The Next Wave of Productivity Isn’t Software, It’s Design
Productivity has a branding problem. tippy type is capitalizing on a growing demand for tools that merge visual identity with performance.
When it comes to working on a computer, for years, women with long nails have learned to quietly adapt. They flatten their fingers unnaturally across keyboards, accepting mistypes and time wasted. They adjust their bodies’ posture, and sometimes their confidence, all in the name of productivity. tippy type was created to challenge that assumption that beauty and efficiency don’t belong in the same space.
Crafted by inventor Sara Young Wang, tippy type is a raised-key keyboard cover designed specifically for people with long nails. A category that, until now, had been completely overlooked by mainstream product design. What started as a personal frustration quickly revealed itself to be a widespread, culturally significant gap in the market.



“tippy type was born out of pure frustration,” Sara shares. “I’ve always loved long nails – they’re part of how I express myself – but every time I sat down to work, I felt like I had to choose between looking like myself and being productive.”
That tension between self-expression and function became the brand’s foundation. Sara realized there were millions of women navigating this same compromise every day, yet no one had acknowledged the problem, let alone designed a solution for it.
“That disconnect was the ‘aha’ moment for me,” she says. “I remember thinking, ‘This is such an obvious problem – why doesn’t a solution for this exist already?!’”

Before launching tippy type, Sara had already developed a keen awareness of the friction women are expected to silently work around. Her approach to entrepreneurship has been rooted in observation, empathy, and a refusal to accept inconvenience as the norm.
“I’m someone who balances ambition, aesthetics, and function,” she explains, “and I didn’t see many products that respected all three.”
That philosophy guided every product design decision.
Rather than reinventing the wheel, or the keyboard, Sara focused on refining the typing experience through a simple innovation: a silicone keyboard cover with raised, cushioned keys that allow users to type comfortably with their fingertips instead of their nails.
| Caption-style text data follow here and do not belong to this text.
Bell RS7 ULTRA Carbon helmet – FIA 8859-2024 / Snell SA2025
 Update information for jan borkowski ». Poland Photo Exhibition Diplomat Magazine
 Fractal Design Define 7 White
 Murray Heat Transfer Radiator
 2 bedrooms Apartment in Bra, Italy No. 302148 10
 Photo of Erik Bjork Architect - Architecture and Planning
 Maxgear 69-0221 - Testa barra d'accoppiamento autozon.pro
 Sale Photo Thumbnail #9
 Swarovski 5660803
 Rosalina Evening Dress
The development process took months of experimentation, testing different materials, key heights, and softness levels, all with the goal of making the typing experience feel as natural and intuitive as possible.
“I want the experience of typing with a tippy type to be as close to the comfort of typing without long nails. I wanted something simple to use, nothing complicated.”
Early testing was very hands-on. Friends, family, and real long-nail wearers used the prototypes during their everyday workdays. The results were immediate. “People typed faster, made fewer errors, and felt relief almost instantly,” she recalls.
One of the most surprising things about tippy type isn’t just how well it works, it’s how quickly users realize how much they had been compromising before.
“I think because we’ve been struggling without a solution to this problem for a long time, many people don’t even realize how much they’re compromising to try to type with long nails,” Sara explains. “We might hear someone say they type just fine using stick straight fingers or their nail tips (not realizing the damage they may be causing to their joints or nails!). But, then when they try the tippy type they’re like ‘OMG this is sooooo much better I’m never going back, I don’t know what I was thinking!’”
That response speaks to something deeper than pure convenience. Nail culture has long been dismissed as impractical or unprofessional, despite its deep roots in identity and self-expression. tippy type doesn’t just accommodate that culture, it legitimizes it.
By designing for long nails instead of asking women to minimize them, the brand reframes beauty as something worthy of thoughtful engineering.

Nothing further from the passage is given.